→ Action item: Below are records to write out exactly; drop the pictures when you do.

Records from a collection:
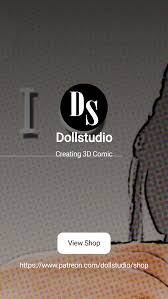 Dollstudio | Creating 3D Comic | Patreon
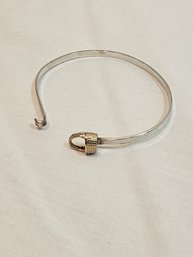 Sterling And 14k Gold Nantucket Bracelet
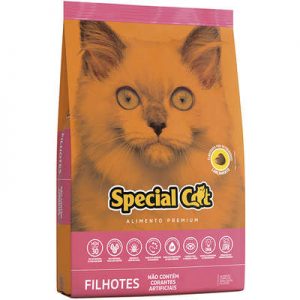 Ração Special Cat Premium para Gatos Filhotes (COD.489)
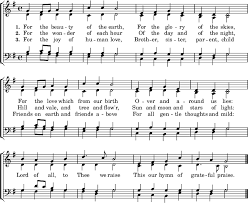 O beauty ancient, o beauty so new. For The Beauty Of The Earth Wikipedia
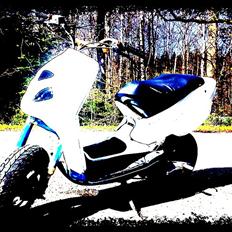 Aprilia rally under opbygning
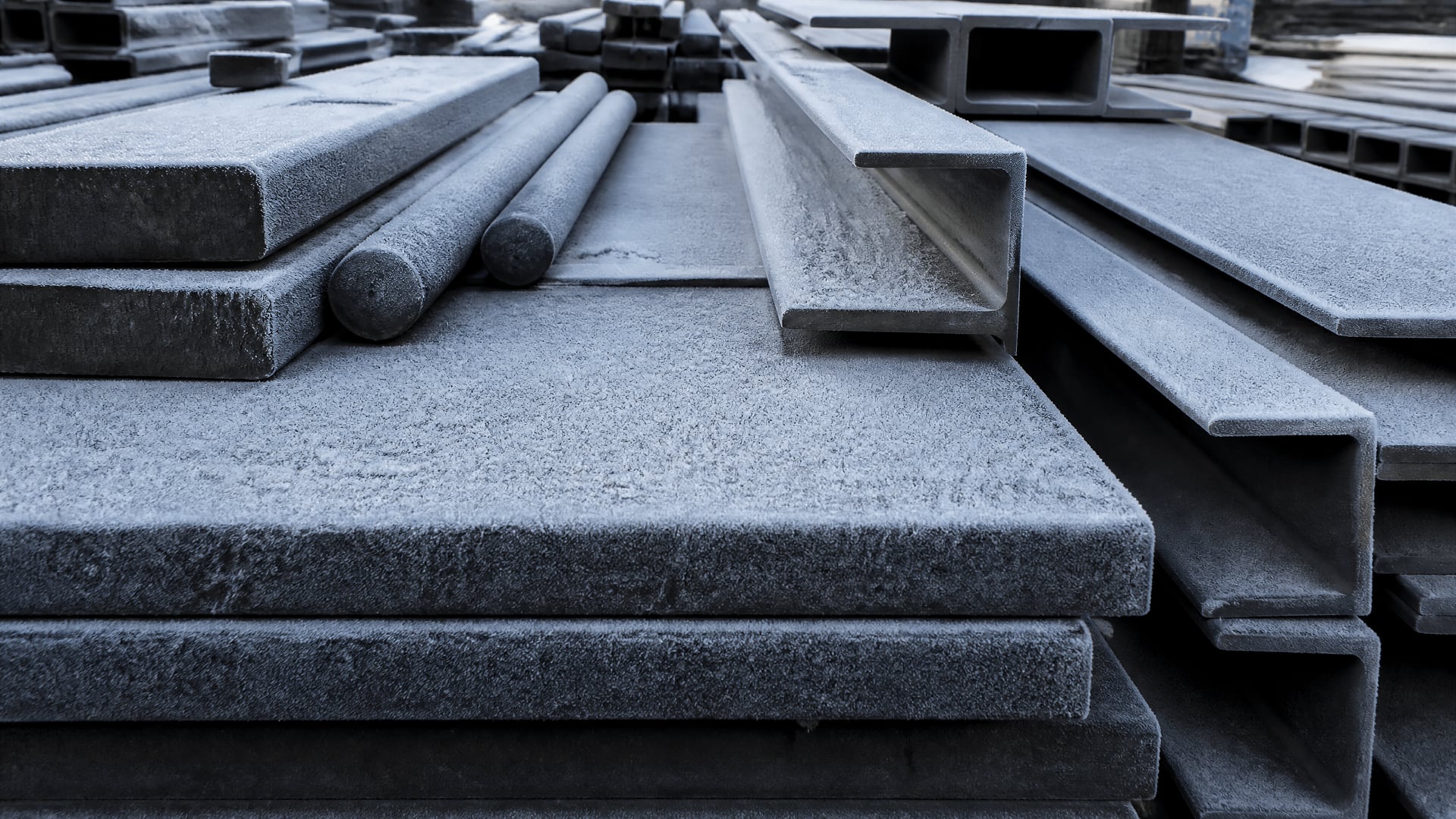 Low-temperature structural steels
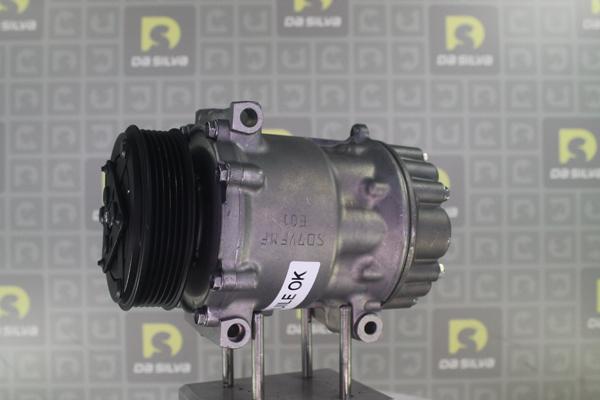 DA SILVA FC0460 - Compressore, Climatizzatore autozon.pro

→ Output of the exercise:
 Dollstudio | Creating 3D Comic | Patreon
 Sterling And 14k Gold Nantucket Bracelet
 Ração Special Cat Premium para Gatos Filhotes (COD.489)
 O beauty ancient, o beauty so new. For The Beauty Of The Earth Wikipedia
 Aprilia rally under opbygning
 Low-temperature structural steels
 DA SILVA FC0460 - Compressore, Climatizzatore autozon.pro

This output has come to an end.